R.Otto Bambang Waahyudi

Sejarah terbentuknya BKOK
Di Indonesia telah bertebaran paguyuban atau sekte-sekte mistik kejawen. Anggota paguyuban membentuk aneka ragam kelompok yang dikenal dengan istilah kebatinan Jawa. Mereka umumnya termasuk penganut aliran kepercayaan, Meskipun tidak seluruhya. Artinya ada juga pelaku mistik kejawen yang bukan anggota salah satu aliran kepercayaan. Sebaliknya para penganut aliran kepercayaan biasanya banyak melakukan laku-laku mistik.
Beberapa organisasi atau paguyuban mistik yang sampai sekarang berkembang di masyarakat berjumlah 247 organisasi, diantaranya yaitu Sapta Dharma, berdiri tahun 1956 pusat di Yogyakarta, Pangestu berdiri tahun 1949 pusat di Jakarta, Sumarah berdiri tahun 1942 berpusat di Jakarta, Perwathin berdiri tahun 1963 berpusat di jakarta, Panunggalan berdiri tahun 1963 berpusat di Solo.

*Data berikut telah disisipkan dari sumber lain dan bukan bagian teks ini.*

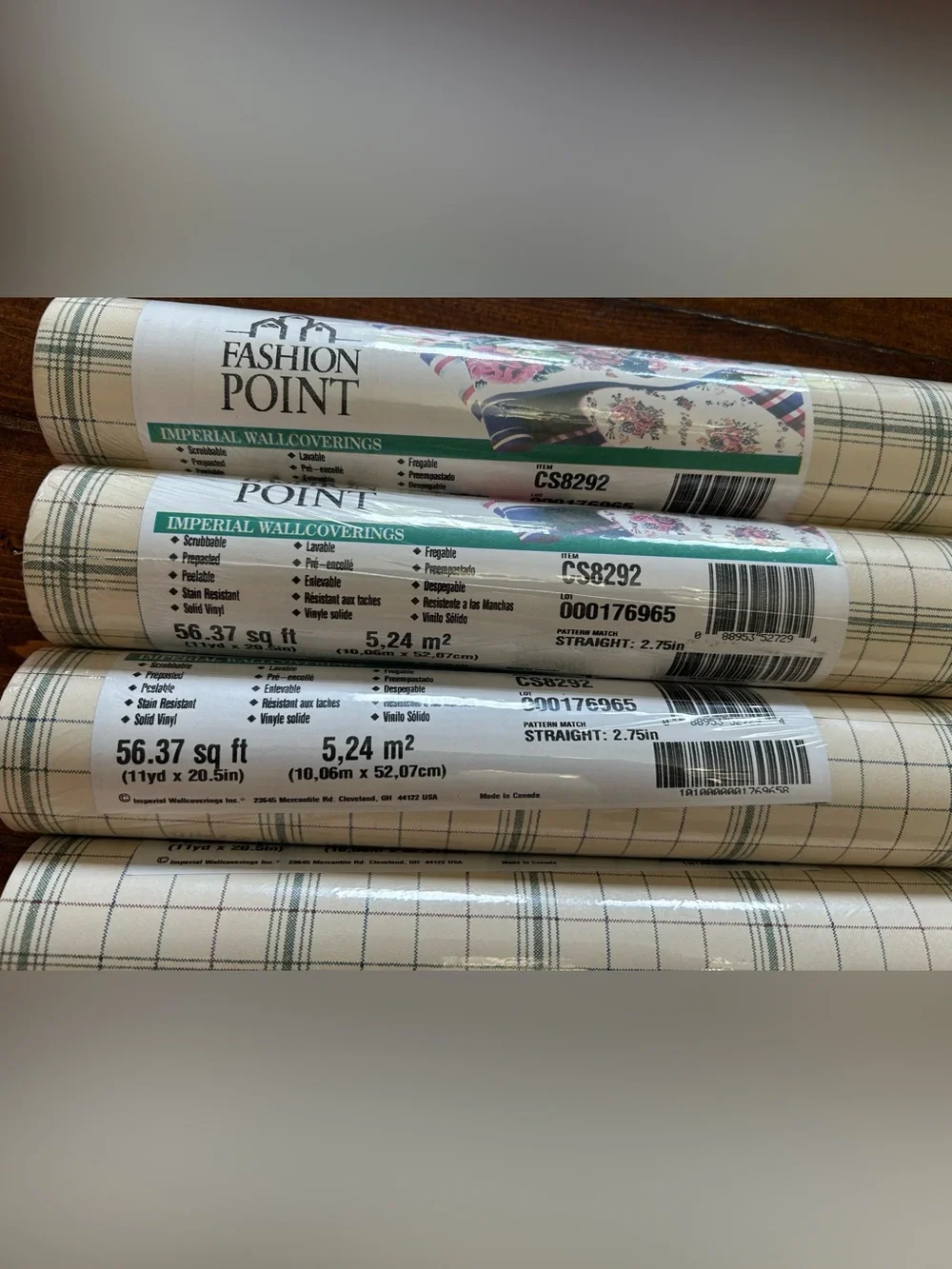 Vintage Plaid Roll Wallpaper - Cream and Sage Green Burgundy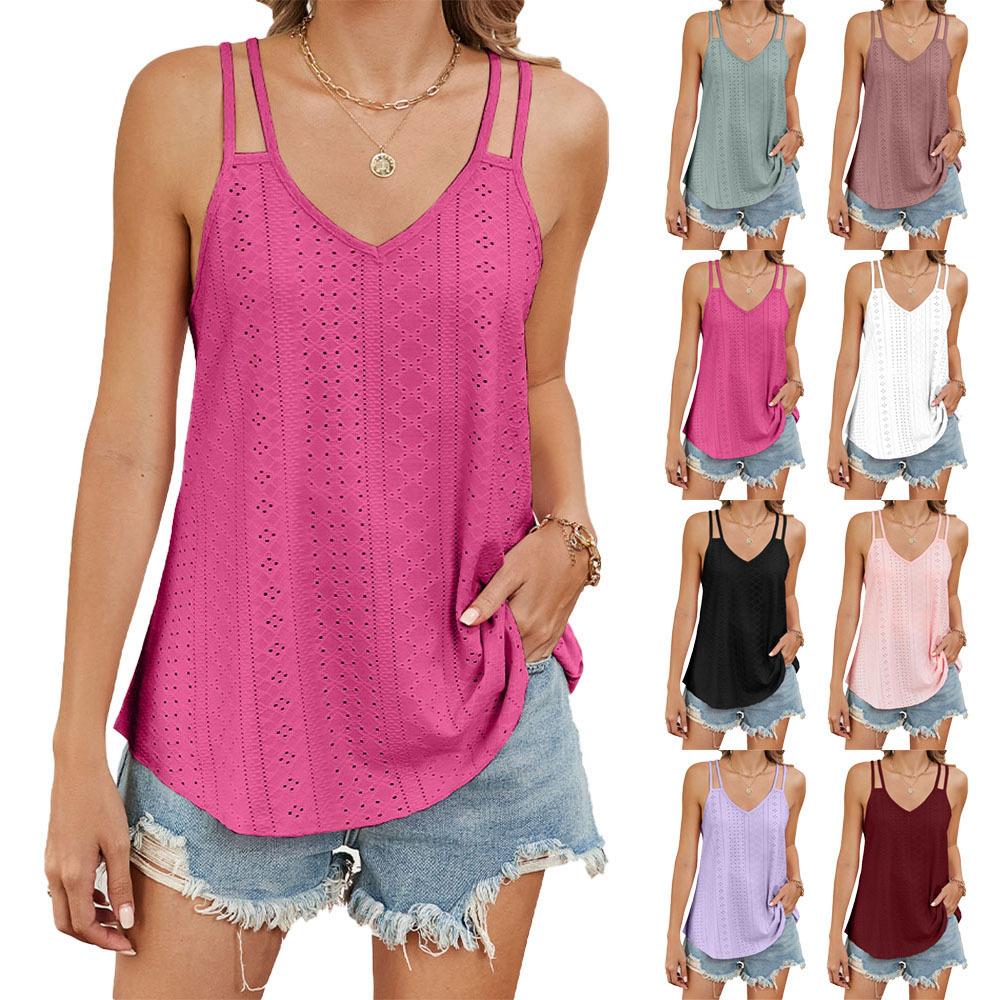 Damen V-Ausschnitt Ärmellos Locker Geschnitten Camisole Top Lässiges Einfarbiges Tanktop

Diantara organisasi-organisasi tersebut ada yang sudah berhasil membukukan “wahyu” yang diterimanya, antara lain Pangestu dalam buku Sasangka Djati, disamping itu ada juga beberapa paguyuban mistik yang telah menjadi perhatian Geertz, yakni Budi Setia, Kawruh Kasunyatan, Ilmu Sejati, Kawruh Begja, yang masing-masing berpusat di Mojokuto (Geertz, 1989 : 453-471)
Dari berbagai paguyuban atau aliran tersebut ada yang tergolong besar dan aliran kecil. Diantara paguyuban mistik kejawen yang telah tergolong aliran besar dan termasuk tertua adalah Hardapusara, berdiri tahun 1895 di Purworejo oleh Ki Kusumawicitra. Ia pada awalnya menerima wangsit, yang sekarang ajarannya termaktub dalam kawruh Kasunyatan Gaib. Ajaran ini dimasukkan dalam dua buah buku berjudul Kawulo Gusti dan Wigati. Sedangkan Susila Budi Darma (SUBUD) didirikan tahun 1925, tidak mau disebut gerakan kebatinan, namun bernama “Pusat latihan penjiwaan”. Paguyuban ini menghasilkan buku ajaran berjudul Susila Budi Darma. Dewasa ini SUBUD telah berkembang di hampir pelosok dunia.
Atas permintaan dari pemerintah melalui Direktorat Pembinaan Penghayat Kepercayaan terhadap Tuhan Yang Maha Esa (Dit Bin Yat), yang disampaikan secara tertulis berupa makalah resmi dan dibacakan pada acara Pembinaan Pamong Budaya Spiritual di Cipayung tanggal 22 – 24 Nopember 1994, dan didukung oleh instansi terkait yaitu Departemen Dalam Negeri, Mabes POLRI dan Kejaksaan Agung, agar para penghayat membentuk Wadah Nasional Tunggal Penghayat Kepercayaan terhadap Tuhan Yang Maha Esa, yang sesuai dengan UU No. 8 tahun 1985 dan PP No. 18 tahun 1986, yaitu sebuah Wadah Nasional Tunggal yang beranggotakan Organisasi Organisasi Kepercayaan dan Kelompok Penghayat Perseorangan (bukan penghayat perseorangan). Adapun permintaan itu disampaikan karena wadah/organisasi yang lama yaitu Himpunan Penghayat Kepercayaan (HPK) sejak tahun 1990 DPP-nya demisioner dan belum dapat memenuhi fungsinya sebagai Wadah Nasional Tunggal, serta keanggotaannya tidak sesuai dengan UU No. 8 tahun 1985 dan PP No. 18 tahun 1986.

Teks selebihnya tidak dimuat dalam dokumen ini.